- _EXERCISE GOAL_
Locate the word "Navi" in the entries below, then gather every line that holds it.

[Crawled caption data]
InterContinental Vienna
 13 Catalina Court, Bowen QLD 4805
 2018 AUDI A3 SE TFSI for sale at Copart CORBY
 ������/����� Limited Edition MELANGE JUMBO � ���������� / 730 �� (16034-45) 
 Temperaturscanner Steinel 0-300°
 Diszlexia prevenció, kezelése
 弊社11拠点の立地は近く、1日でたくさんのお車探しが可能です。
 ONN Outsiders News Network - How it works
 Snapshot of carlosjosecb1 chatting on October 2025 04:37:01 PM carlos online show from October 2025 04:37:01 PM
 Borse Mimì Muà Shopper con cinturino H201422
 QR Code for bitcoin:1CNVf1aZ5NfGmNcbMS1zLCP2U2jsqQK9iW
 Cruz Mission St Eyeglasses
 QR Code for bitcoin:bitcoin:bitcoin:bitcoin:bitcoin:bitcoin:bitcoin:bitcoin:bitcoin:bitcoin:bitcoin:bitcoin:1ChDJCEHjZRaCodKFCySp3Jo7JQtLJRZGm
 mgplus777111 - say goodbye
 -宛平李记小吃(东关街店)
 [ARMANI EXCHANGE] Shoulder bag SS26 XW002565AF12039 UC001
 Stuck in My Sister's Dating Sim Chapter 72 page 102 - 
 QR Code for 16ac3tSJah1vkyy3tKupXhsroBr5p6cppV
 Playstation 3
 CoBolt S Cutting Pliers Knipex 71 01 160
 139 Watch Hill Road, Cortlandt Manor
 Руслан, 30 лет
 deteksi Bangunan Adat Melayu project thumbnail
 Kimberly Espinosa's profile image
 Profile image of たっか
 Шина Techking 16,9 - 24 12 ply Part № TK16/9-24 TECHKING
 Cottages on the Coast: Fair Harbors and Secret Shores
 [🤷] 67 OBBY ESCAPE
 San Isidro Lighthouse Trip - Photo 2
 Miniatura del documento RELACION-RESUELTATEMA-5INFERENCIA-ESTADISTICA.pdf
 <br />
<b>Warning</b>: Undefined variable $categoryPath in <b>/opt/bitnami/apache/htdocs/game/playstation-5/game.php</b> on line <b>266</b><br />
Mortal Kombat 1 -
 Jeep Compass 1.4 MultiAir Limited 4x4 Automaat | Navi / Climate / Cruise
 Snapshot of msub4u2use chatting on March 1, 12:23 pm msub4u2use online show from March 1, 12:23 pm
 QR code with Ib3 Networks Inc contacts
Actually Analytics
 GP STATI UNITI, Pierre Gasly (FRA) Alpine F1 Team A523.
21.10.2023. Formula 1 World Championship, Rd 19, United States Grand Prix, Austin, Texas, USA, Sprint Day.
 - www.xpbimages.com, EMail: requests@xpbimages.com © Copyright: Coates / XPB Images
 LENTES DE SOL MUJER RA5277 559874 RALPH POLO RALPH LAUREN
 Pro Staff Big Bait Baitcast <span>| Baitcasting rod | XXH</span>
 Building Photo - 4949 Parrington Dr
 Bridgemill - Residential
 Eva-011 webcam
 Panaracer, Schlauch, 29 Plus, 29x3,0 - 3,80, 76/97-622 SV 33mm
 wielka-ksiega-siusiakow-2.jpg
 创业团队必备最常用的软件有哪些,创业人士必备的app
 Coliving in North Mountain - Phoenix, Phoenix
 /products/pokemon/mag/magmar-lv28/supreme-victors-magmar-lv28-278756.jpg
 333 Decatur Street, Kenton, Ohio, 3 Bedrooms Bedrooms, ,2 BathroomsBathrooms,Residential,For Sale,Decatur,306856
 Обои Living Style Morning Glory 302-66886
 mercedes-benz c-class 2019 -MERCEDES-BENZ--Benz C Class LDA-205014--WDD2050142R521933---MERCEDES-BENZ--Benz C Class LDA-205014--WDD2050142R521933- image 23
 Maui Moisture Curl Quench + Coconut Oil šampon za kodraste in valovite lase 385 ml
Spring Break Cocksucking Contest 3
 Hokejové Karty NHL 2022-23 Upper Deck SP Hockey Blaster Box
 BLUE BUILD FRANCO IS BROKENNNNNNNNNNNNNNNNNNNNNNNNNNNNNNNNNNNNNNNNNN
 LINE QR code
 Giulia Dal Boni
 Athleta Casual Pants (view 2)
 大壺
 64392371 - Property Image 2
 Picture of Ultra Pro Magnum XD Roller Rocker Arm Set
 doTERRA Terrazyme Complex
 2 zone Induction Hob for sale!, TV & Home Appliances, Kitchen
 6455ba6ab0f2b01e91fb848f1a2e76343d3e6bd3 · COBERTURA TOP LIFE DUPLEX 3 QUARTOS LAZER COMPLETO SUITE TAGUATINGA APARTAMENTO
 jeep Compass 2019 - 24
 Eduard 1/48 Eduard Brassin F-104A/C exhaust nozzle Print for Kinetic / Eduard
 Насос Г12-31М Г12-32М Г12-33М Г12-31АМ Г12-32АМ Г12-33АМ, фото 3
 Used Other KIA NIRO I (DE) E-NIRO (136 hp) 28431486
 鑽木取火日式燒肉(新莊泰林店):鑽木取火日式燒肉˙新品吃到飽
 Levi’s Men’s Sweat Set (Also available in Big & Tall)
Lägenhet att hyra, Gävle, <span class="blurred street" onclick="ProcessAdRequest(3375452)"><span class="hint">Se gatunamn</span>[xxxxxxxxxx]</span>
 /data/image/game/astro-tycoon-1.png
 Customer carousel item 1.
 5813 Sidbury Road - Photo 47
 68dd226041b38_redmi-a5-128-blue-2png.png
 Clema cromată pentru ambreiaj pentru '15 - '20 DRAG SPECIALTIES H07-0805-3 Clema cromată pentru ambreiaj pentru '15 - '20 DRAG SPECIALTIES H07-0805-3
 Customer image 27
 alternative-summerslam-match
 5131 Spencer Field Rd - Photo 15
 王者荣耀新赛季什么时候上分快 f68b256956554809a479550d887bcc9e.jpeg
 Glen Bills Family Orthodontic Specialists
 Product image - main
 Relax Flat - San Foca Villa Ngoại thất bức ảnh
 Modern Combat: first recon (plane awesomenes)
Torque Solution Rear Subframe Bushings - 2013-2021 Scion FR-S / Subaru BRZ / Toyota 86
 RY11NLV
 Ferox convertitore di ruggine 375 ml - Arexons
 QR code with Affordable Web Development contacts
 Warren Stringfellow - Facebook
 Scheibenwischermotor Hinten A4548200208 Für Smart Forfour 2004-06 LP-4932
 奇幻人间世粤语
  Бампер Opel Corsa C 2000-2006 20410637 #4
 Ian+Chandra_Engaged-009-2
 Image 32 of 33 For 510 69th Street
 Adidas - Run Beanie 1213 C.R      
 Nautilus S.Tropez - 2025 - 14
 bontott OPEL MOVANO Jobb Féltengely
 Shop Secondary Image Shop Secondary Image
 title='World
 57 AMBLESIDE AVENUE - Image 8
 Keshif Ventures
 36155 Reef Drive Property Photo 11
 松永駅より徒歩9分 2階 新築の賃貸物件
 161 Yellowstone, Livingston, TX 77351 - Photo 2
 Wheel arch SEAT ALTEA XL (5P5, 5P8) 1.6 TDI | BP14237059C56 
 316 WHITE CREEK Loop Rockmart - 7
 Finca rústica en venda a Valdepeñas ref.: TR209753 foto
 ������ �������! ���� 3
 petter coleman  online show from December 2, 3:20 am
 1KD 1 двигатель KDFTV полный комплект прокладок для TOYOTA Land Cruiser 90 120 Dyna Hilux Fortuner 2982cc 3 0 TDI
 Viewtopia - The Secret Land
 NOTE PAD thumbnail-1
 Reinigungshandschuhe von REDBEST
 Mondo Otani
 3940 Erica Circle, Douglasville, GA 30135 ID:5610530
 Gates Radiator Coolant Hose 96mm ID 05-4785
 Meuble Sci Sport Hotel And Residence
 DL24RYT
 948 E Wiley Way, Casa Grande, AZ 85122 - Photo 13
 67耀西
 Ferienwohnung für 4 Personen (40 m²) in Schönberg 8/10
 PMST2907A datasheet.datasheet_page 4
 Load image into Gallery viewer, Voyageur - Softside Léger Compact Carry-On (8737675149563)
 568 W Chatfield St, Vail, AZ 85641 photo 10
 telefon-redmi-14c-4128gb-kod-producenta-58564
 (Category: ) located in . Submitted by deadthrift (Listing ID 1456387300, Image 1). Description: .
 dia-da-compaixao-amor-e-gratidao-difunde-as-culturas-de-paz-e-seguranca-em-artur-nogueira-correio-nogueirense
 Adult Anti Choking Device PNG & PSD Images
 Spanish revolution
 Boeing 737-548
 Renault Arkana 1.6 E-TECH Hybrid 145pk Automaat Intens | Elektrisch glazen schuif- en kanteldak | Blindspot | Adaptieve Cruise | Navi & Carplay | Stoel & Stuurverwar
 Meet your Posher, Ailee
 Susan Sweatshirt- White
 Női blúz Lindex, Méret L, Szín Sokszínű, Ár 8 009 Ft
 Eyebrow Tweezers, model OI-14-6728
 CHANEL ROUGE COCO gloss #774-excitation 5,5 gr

- _EXERCISE RESPONSE_
 Jeep Compass 1.4 MultiAir Limited 4x4 Automaat | Navi / Climate / Cruise
 Renault Arkana 1.6 E-TECH Hybrid 145pk Automaat Intens | Elektrisch glazen schuif- en kanteldak | Blindspot | Adaptieve Cruise | Navi & Carplay | Stoel & Stuurverwar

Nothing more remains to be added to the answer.